A free software environment (R for Windows 4.1.0; R Core Team [2021], Austria) for statistical computing and graphics was used for data analysis. The ulcer grade of the NG and the P of all the enrolled horses was compared using a paired t-test. Pearson’s correlation coefficients were used for the correlation analysis. To compare the gastric ulcer grades before and after treatment, the Shapiro-Wilk test was performed, and if the preliminary test for normality was not significant, the paired t-test was used; if the preliminary test rejected the null hypothesis of normality, a non-parametric test (Wilcoxon’s signed-ranks test) was applied in the main analysis. A Mann-Whitney U test was performed to compare the efficacy of ranitidine and omeprazole. The results are presented as mean ± SD, and significance was determined when p < 0.05.

RESULTS

Prevalence and regional distribution

The prevalence and regional distribution of the gastric ulcers in Thoroughbred racehorses in Korea are shown in Table 1. All horses examined in this study had gastric ulcers with a score of at least SG 1 and above, and the severity of ulcers was higher in the NG than in the P; the moderate stage showed the highest ratio (47%) in the NG, but in the P, minimal and mild stage showed the highest ratio of 41%, respectively.
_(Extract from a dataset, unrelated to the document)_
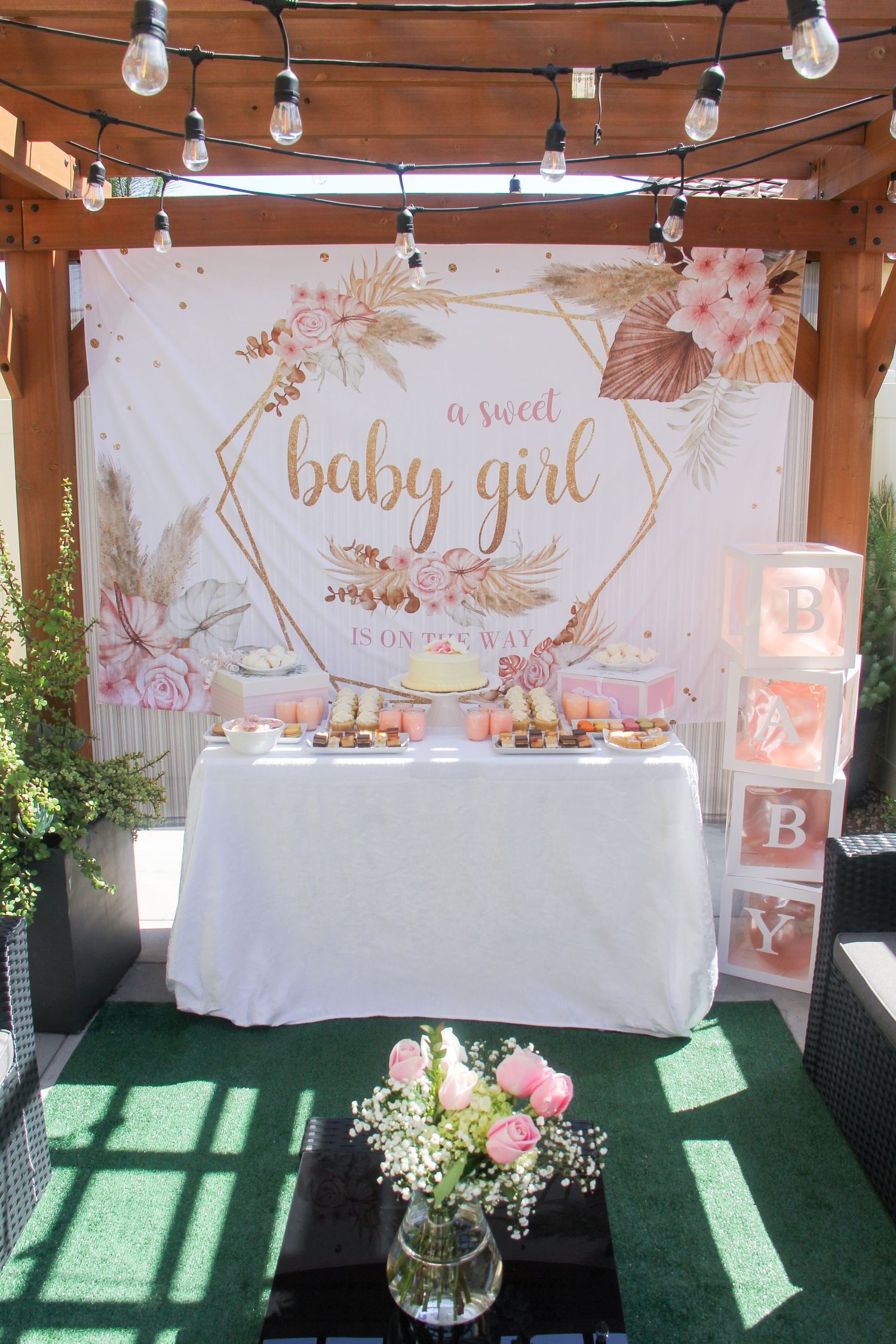 baby shower for baby girl dessert table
Only 2% of horses had severe gastric ulcers in the P as compared to 14% of the horses that had severe gastric ulcers in the NG. The mean SG (mSG) of the 49 enrolled horses was significantly higher in the NG than in the P at 7.2 ± 2.5 and 4.5 ± 2.6, respectively (p < 0.001). As a result of the correlation analysis of the mSG of the NG and P, the Pearson product-moment correlation coefficient was −0.16 (p = 0.26), indicating that there was no correlation between the two variables.

Table 1. The prevalence and the regional distribution of the ulcers according to their sum grade.

SG NG P
0 (normal) 0 (0) 0 (0)
1–3 (minimal) 6 (12) 20 (41)
4–6 (mild) 13 (27) 20 (41)
7–9 (moderate) 23 (47) 8 (16)
10–12 (severe) 7 (14) 1 (2)
Sum 49 (100) 49 (100)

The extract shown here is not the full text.